Fixed, though the other iget functions still open code this.

> >  
> > -	*inuse = !!(VFS_I(ip)->i_mode);
> > -	xfs_irele(ip);
> > -	return 0;
> > +	/* get the perag structure and ensure that it's inode capable */
> > +	pag = xfs_perag_get(mp, XFS_INO_TO_AGNO(mp, ino));
> > +	if (!pag) {
> > +		/* No perag means this inode can't possibly be allocated */
> > +		return -EINVAL;
> > +	}
> 
> Probably should be xfs_perag_grab/rele in this function.

Why?  Is it because we presuppose that the caller holds the AGI buffer
and hence we only need a passive reference?

> > +	agino = XFS_INO_TO_AGINO(mp, ino);
> > +
> > +	rcu_read_lock();
> > +	ip = radix_tree_lookup(&pag->pag_ici_root, agino);
> > +	if (!ip) {
> > +		/* cache miss */
> > +		error = -ENODATA;
> > +		goto out_pag;
> > +	}
> > +
> > +	/*
> > +	 * If the inode number doesn't match, the incore inode got reused
> > +	 * during an RCU grace period and the radix tree hasn't been updated.
> > +	 * This isn't the inode we want.
> > +	 */
> > +	error = -ENODATA;
> 
> move this up to before the rcu_read_lock(), and it can be removed
> from the !ip branch above, too.

Fixed.

> > +	spin_lock(&ip->i_flags_lock);
> > +	if (ip->i_ino != ino)
> > +		goto out_skip;
> > +
> > +	trace_xfs_icache_inode_is_allocated(ip);
> > +
> > +	/*
> > +	 * We have an incore inode that matches the inode we want, and the
> > +	 * caller holds the AGI buffer.
> > +	 *
> > +	 * If the incore inode is INEW, there are several possibilities:
> > +	 *
> > +	 * For a file that is being created, note that we allocate the ondisk
> > +	 * inode before allocating, initializing, and adding the incore inode
> > +	 * to the radix tree.
> > +	 *
> > +	 * If the incore inode is being recycled, the inode has to be allocated
> > +	 * because we don't allow freed inodes to be recycled.
> > +	 *
> > +	 * If the inode is queued for inactivation, it should still be
> > +	 * allocated.
> > +	 *
> > +	 * If the incore inode is undergoing inactivation, either it is before
> > +	 * the point where it would get freed ondisk (in which case i_mode is
> > +	 * still nonzero), or it has already been freed, in which case i_mode
> > +	 * is zero.  We don't take the ILOCK here, but difree and dialloc
> > +	 * require the AGI, which we do hold.
> > +	 *
> > +	 * If the inode is anywhere in the reclaim mechanism, we know that it's
> > +	 * still ok to query i_mode because we don't allow uncached inode
> > +	 * updates.
> 
> Is it?
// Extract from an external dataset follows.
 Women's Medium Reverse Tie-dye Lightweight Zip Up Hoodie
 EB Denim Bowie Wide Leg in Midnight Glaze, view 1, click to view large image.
We explicitly consider XFS_IRECLAIM inodes as in the process
> of being freed, so there is no guarantee that anything in them is
> valid anymore. Indeed, there's a transient state in recycling an
> inode where we set XFS_IRECLAIM, then re-initialise the inode (which
> trashes i_mode) and then restore i_mode to it's correct value before
> clearing XFS_IRECLAIM.
> 
> Hence I think that if XFS_IRECLAIM is set, we can't make any safe
> judgement of the state of i_mode here with just a rcu_read_lock()
> being held.

I wrote this much too long ago, back when reclaim actually could write
inode clusters to disk.

At this point the comment and the code are both wrong -- if the inode is
in IRECLAIM, then it's either being recycled or reclaimed.  Neither of
those things modify the ondisk buffers anymore, so we actually could
return ENODATA here because all three callers of this function use that
as a signal to read i_mode from the icluster buffer.

> > +	 *
> > +	 * If the incore inode is live (i.e. referenced from the dcache), the
> > +	 * ondisk inode had better be allocated.  This is the most trivial
> > +	 * case.
> > +	 */
> > +#ifdef DEBUG
> > +	if (ip->i_flags & XFS_INEW) {
> > +		/* created on disk already or recycling */
> > +		ASSERT(VFS_I(ip)->i_mode != 0);
> > +	}
> 
> I don't think this is correct. In xfs_iget_cache_miss() when
> allocating a new inode, we set XFS_INEW and we don't set i_mode
> until we call xfs_init_new_inode() after xfs_iget() on the newly
> allocated inode returns.  Hence there is a long period where
> XFS_INEW can be set and i_mode is zero and the i_flags_lock is not
> held.

I think you're referring to the situation where an icreate calls
xfs_iget_cache_miss in the (v5 && IGET_CREATE && !ikeep) scenario,
in which case we don't get around to setting i_mode until
xfs_init_new_inode?

The icreate transaction holds the AGI all the way to the end, so a
different thread calling _is_allocated shouldn't find any inodes in this
state as long as it holds the AGI buffer, right?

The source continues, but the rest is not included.